TASK BRIEF — Exactly as given, output all the records that follow.

○ ○ ○

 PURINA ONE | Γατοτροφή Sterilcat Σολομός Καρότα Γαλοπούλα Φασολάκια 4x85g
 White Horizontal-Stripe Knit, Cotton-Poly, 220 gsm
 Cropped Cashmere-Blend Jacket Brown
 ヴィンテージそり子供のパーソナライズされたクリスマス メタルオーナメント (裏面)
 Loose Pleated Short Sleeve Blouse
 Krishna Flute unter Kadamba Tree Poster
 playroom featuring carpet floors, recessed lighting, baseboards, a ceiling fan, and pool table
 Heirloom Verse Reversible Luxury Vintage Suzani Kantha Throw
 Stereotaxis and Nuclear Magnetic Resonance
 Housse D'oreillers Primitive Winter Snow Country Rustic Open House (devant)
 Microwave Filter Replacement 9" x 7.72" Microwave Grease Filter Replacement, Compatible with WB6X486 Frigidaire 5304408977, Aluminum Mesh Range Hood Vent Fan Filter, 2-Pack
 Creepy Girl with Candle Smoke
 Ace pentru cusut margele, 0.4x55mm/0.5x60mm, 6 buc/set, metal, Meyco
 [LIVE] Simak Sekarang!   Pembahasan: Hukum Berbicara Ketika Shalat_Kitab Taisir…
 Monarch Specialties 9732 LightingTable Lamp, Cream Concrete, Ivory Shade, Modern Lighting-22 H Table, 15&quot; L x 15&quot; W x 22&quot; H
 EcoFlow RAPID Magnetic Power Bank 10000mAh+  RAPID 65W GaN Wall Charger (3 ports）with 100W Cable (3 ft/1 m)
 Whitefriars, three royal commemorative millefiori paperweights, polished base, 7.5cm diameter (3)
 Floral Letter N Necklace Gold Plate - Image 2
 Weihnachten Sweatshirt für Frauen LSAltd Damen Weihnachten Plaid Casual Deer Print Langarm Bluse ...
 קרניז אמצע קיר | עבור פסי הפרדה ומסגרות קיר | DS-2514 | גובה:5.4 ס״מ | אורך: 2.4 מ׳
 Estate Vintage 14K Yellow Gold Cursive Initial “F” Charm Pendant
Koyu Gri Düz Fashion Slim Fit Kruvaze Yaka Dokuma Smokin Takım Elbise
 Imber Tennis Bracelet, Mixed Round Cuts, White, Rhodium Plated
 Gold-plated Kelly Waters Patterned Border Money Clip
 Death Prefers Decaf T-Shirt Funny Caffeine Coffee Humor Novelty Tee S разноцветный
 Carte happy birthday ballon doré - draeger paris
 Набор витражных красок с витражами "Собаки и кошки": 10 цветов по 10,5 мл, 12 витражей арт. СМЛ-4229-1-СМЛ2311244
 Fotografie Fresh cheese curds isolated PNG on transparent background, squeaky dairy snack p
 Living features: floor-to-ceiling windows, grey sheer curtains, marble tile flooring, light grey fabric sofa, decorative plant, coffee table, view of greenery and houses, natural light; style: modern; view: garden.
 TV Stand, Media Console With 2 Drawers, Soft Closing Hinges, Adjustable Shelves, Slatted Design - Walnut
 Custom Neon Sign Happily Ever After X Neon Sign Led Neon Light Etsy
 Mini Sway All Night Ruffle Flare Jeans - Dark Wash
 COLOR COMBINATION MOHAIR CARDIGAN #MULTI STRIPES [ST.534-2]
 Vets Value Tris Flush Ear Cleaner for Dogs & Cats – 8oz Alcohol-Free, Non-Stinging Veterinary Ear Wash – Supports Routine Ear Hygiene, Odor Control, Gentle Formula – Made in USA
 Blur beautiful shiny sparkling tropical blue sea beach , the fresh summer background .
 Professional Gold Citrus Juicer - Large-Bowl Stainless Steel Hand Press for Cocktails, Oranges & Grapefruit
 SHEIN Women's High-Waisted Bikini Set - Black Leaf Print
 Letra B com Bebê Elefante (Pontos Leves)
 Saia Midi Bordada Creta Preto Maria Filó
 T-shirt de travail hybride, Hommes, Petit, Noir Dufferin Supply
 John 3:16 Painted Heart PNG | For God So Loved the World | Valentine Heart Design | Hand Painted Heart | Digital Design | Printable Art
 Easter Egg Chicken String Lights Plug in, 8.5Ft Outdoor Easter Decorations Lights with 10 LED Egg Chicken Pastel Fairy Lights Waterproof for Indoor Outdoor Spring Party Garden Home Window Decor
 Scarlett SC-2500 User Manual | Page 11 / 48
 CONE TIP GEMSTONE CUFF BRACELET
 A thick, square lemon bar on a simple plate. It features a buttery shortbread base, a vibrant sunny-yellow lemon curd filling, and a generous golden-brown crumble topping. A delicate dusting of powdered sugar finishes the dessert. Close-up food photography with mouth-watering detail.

○ ○ ○

RESULT OF THE EXERCISE —
 PURINA ONE | Γατοτροφή Sterilcat Σολομός Καρότα Γαλοπούλα Φασολάκια 4x85g
 White Horizontal-Stripe Knit, Cotton-Poly, 220 gsm
 Cropped Cashmere-Blend Jacket Brown
 ヴィンテージそり子供のパーソナライズされたクリスマス メタルオーナメント (裏面)
 Loose Pleated Short Sleeve Blouse
 Krishna Flute unter Kadamba Tree Poster
 playroom featuring carpet floors, recessed lighting, baseboards, a ceiling fan, and pool table
 Heirloom Verse Reversible Luxury Vintage Suzani Kantha Throw
 Stereotaxis and Nuclear Magnetic Resonance
 Housse D'oreillers Primitive Winter Snow Country Rustic Open House (devant)
 Microwave Filter Replacement 9" x 7.72" Microwave Grease Filter Replacement, Compatible with WB6X486 Frigidaire 5304408977, Aluminum Mesh Range Hood Vent Fan Filter, 2-Pack
 Creepy Girl with Candle Smoke
 Ace pentru cusut margele, 0.4x55mm/0.5x60mm, 6 buc/set, metal, Meyco
 [LIVE] Simak Sekarang!   Pembahasan: Hukum Berbicara Ketika Shalat_Kitab Taisir…
 Monarch Specialties 9732 LightingTable Lamp, Cream Concrete, Ivory Shade, Modern Lighting-22 H Table, 15&quot; L x 15&quot; W x 22&quot; H
 EcoFlow RAPID Magnetic Power Bank 10000mAh+  RAPID 65W GaN Wall Charger (3 ports）with 100W Cable (3 ft/1 m)
 Whitefriars, three royal commemorative millefiori paperweights, polished base, 7.5cm diameter (3)
 Floral Letter N Necklace Gold Plate - Image 2
 Weihnachten Sweatshirt für Frauen LSAltd Damen Weihnachten Plaid Casual Deer Print Langarm Bluse ...
 קרניז אמצע קיר | עבור פסי הפרדה ומסגרות קיר | DS-2514 | גובה:5.4 ס״מ | אורך: 2.4 מ׳
 Estate Vintage 14K Yellow Gold Cursive Initial “F” Charm Pendant
Koyu Gri Düz Fashion Slim Fit Kruvaze Yaka Dokuma Smokin Takım Elbise
 Imber Tennis Bracelet, Mixed Round Cuts, White, Rhodium Plated
 Gold-plated Kelly Waters Patterned Border Money Clip
 Death Prefers Decaf T-Shirt Funny Caffeine Coffee Humor Novelty Tee S разноцветный
 Carte happy birthday ballon doré - draeger paris
 Набор витражных красок с витражами "Собаки и кошки": 10 цветов по 10,5 мл, 12 витражей арт. СМЛ-4229-1-СМЛ2311244
 Fotografie Fresh cheese curds isolated PNG on transparent background, squeaky dairy snack p
 Living features: floor-to-ceiling windows, grey sheer curtains, marble tile flooring, light grey fabric sofa, decorative plant, coffee table, view of greenery and houses, natural light; style: modern; view: garden.
 TV Stand, Media Console With 2 Drawers, Soft Closing Hinges, Adjustable Shelves, Slatted Design - Walnut
 Custom Neon Sign Happily Ever After X Neon Sign Led Neon Light Etsy
 Mini Sway All Night Ruffle Flare Jeans - Dark Wash
 COLOR COMBINATION MOHAIR CARDIGAN #MULTI STRIPES [ST.534-2]
 Vets Value Tris Flush Ear Cleaner for Dogs & Cats – 8oz Alcohol-Free, Non-Stinging Veterinary Ear Wash – Supports Routine Ear Hygiene, Odor Control, Gentle Formula – Made in USA
 Blur beautiful shiny sparkling tropical blue sea beach , the fresh summer background .
 Professional Gold Citrus Juicer - Large-Bowl Stainless Steel Hand Press for Cocktails, Oranges & Grapefruit
 SHEIN Women's High-Waisted Bikini Set - Black Leaf Print
 Letra B com Bebê Elefante (Pontos Leves)
 Saia Midi Bordada Creta Preto Maria Filó
 T-shirt de travail hybride, Hommes, Petit, Noir Dufferin Supply
 John 3:16 Painted Heart PNG | For God So Loved the World | Valentine Heart Design | Hand Painted Heart | Digital Design | Printable Art
 Easter Egg Chicken String Lights Plug in, 8.5Ft Outdoor Easter Decorations Lights with 10 LED Egg Chicken Pastel Fairy Lights Waterproof for Indoor Outdoor Spring Party Garden Home Window Decor
 Scarlett SC-2500 User Manual | Page 11 / 48
 CONE TIP GEMSTONE CUFF BRACELET
 A thick, square lemon bar on a simple plate. It features a buttery shortbread base, a vibrant sunny-yellow lemon curd filling, and a generous golden-brown crumble topping. A delicate dusting of powdered sugar finishes the dessert. Close-up food photography with mouth-watering detail.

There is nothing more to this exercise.